Die Organisation Amerikanische Staaten, der die USA angehören, kritisierte das Camp. Darüber hinaus übten zahllose NGOs Kritik und forderten eine Schließung, darunter Amnesty International und Human Rights Watch. Verschiedene Politiker, unter ihnen Bundeskanzlerin Angela Merkel, sprachen sich ebenfalls für eine Schließung aus.

Die Bush-Administration aber hielt fest an dem umstrittenen Lager. Wichtig seien die dort gewonnen Erkenntnisse, gefährlich die festgehaltenen Terroristen, so der Tenor. Dabei ist es umstritten, inwiefern Gefangene wirklich an terroristischen Aktivitäten beteiligt waren. Grundsätzlich lässt sich die Kritik an folgenden Punkten festmachen:

1) Die Bush-Administration hat die Checks and Balances der amerikanischen Politik umgangen

Checks and Balances, so nennt man das System der gegenseitigen Kontrolle der Institutionen in den USA, das dort viel stärker ausgeprägt ist als in Deutschland. Jeder Zweig des Staates, also Legislative (ergo das Parlament), Exekutive (ergo die Regierung) und Judikative (ergo die Gerichte) sollen unabhängig voneinander agieren und darauf achten, dass keine der Seiten zu mächtig wird. Darum ist etwa die Fraktionsdisziplin in den USA weniger stark ausgeprägt als hierzulande, das Parlament begreift sich oft als unabhängiges Organ und nicht als Mehrheitsbeschaffer für die Regierung.

Dann aber kam der 11. September, und die Nation war schockiert. Schnelles Handeln wurde gefordert. Dem kam der damalige Präsident George W. Bush mit seinem War on Terrorism nach. Nur drei Tage später verabschiedete der Kongress eine Autorisierung zur Anwendung militärischer Gewalt, die einer Ermächtigung zum Einsatz militärischer Gewalt gegen "Nationen, Organisationen und Personen" entsprach – quasi bedingsungslos und sehr umfassend.

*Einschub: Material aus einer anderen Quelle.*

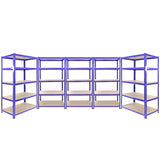 3 x Q-Rax Racking Blue 90 x 50 x 180cm + 2 x Racking Blue 120 x 50 x 180cm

Damit hatte die Regierung freie Hand, ohne einer Kontrolle durch das Parlament.

Als nächstes beauftragte Bush das Verteidigungsministerium, geeignete Orte außerhalb der USA zu finden, um Gefangene festzuhalten. Dadurch sollte verhindert werden, dass die Gefangenen Zugang zu Gerichten haben, worduch auch die Judikative außen vor blieb. Verurteilungen fanden lediglich durch Militärkommissionen statt, die Regierungsorganen unterstehen und damit nicht unparteiisch sind.

Das mag vielleicht banal klingen, aber durch diese und ähnliche Maßnahmen wurde ein System geschaffen, dass abseits der amerikanischen Demokratie funktioniert. Eine Regierung, die quasi ohne jegliche Kontrolle schaltet und waltet, umgeht grundlegende demokratische Regeln und muss sich Autoritarismusvorwürfe anhören.

Selbst als der Supreme Court, also der Oberste Gerichtshof der USA, in verschiedenen Gerichtsverfahren das Vorgehen der Bush-Administration kritisierte oder einzelne Punkte für nichtig erklärte, verzögerte die Regierung die Umsetzung der Beschlüsse und versuchte, so weit wie möglich weiter vorzugehen wie bisher.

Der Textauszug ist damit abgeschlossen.